Миф и жизнь в кино: Смыслы и инструменты драматургического языка | страница 12
Король Артур достает из камня меч – очень точный и заряженный символ своего времени, актуальный и сегодня. Он мог бы, конечно, доставать из камня штопор или расческу, но, согласитесь, ощущения не те. Рапунцель спускает из окна для любимого свои волосы, символ женской красоты, а не, скажем, занавеску или меч. Зачем принцу в данном случае меч, даже если это мощный символ из другой истории? У него есть меч. Ему нужны ее красивые длинные волосы.
Отсюда вопрос: когда Паоло Соррентино снимает фильм «Великая красота» о писателе в затяжном кризисе – многих ли зрителей трогает такая история? Разумеется, только тех, кому понятна проблематика фильма, кто подобное проживал, кому она небезразлична настолько, чтобы не утомиться в течение двух с половиной часов неспешного, созерцательного наблюдения за героем в виньеточном, изобилующем деталями киноповествовании.

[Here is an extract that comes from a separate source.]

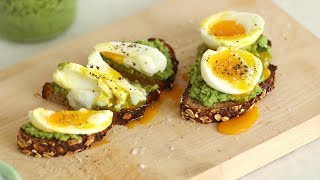 Green Pea Pesto Toasts with Soft Cooked Egg- Healthy Appetite with Shira Bocar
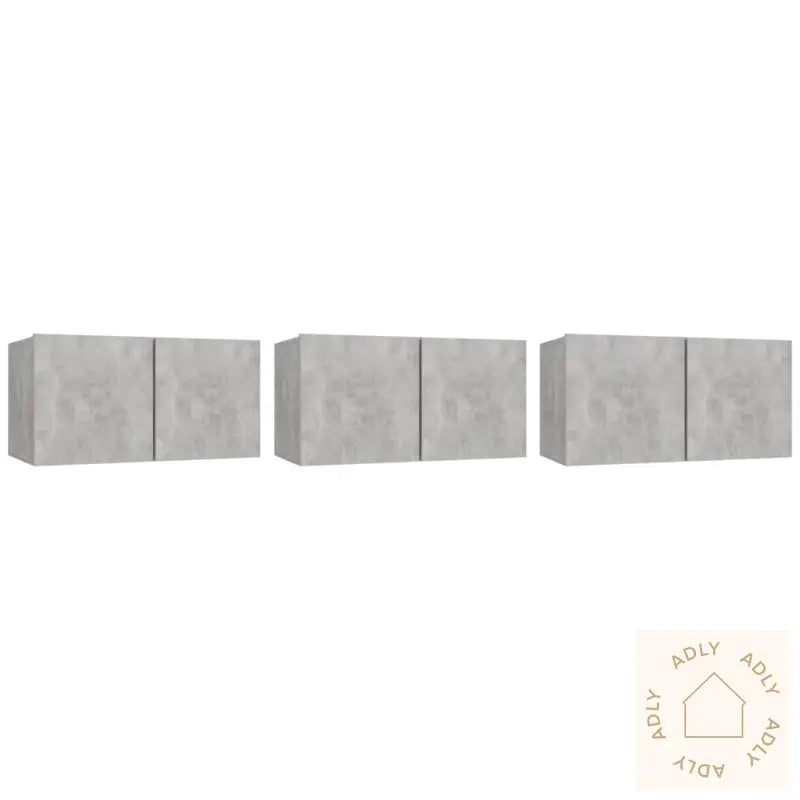 Hengende Tv-Benker 3 Stk Betonggrå 60X30X30 Cm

Таких людей немного. Хорошо это или плохо – неважно. Можно и нужно создавать фильмы, проблематика и эстетика которых задевают сердечные струны лишь прослойки избранных, но не стоит сокрушаться о том, что таких фильмов слишком мало и что невозможно заставить весь мир смотреть их. Как заставить обычного подростка, например, проникнуться духом «Земляничной поляны»? Он понятия не имеет, что такое страх смерти на закате жизни. Это не его проблематика.

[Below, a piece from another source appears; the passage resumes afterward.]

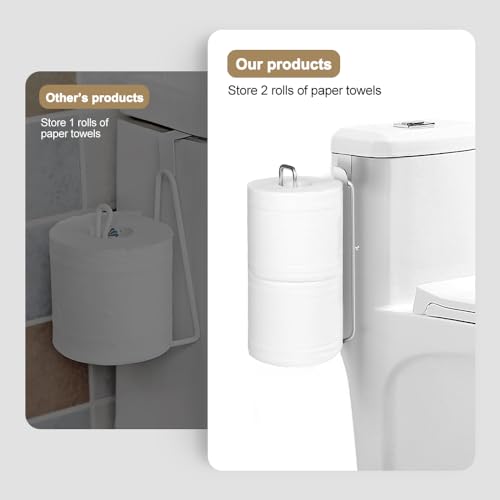Bathroom Toilet Paper Roll Holder for 2 Roll Tissue, Brushed Nickel,Over The Tank Toilet Paper Holder,Self Adhesive Wall Mount,Stainless Steel Toilet Paper Holder Storage 2pcs - color: J:hold 2 Rolls Tissue(2pcs,silver)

Но, хотим мы этого или нет, люди всегда тянулись и тянутся к богам и героям – и одновременно стремятся сбросить их с пьедестала. Мифическое не оставляет нас равнодушными. Как мы относимся к гениям? Мы обожествляем их. Мы приписываем им прямую связь с высшими силами, отказываем им в человечности, отвергаем личные заслуги в их достижениях. Страшно поверить, что на то, что они делают, способен обычный смертный. Однако мы любим упиваться земными чертами гениев – порочные похождения Генри Миллера и Буковски, заносчивость и высокомерие Набокова. Романтизируем алкоголизм Хемингуэя, драчливость Есенина, дуэли Пушкина. Греки в своих мифах наделили богов страшнейшими человеческими пороками, за которые отчасти и любили их: если Зевсу не чужды ревность и мстительность, если и он не чурался повесничанья, что уж спрашивать с человека?
Но если мы не до конца понимаем творца или ученого, мы спешим обесценить его. История научного прогресса сплошь и рядом состоит из осмеянных (в лучшем случае) ученых мужей, правота которых была признана посмертно. Конечно, есть достаточно ученых, чьи теории оказались нелепыми, но не нам над этим потешаться. Мы во все времена не отличали первых от вторых, а потому клеймили и тех и других без разбора и продолжаем делать это по сей день.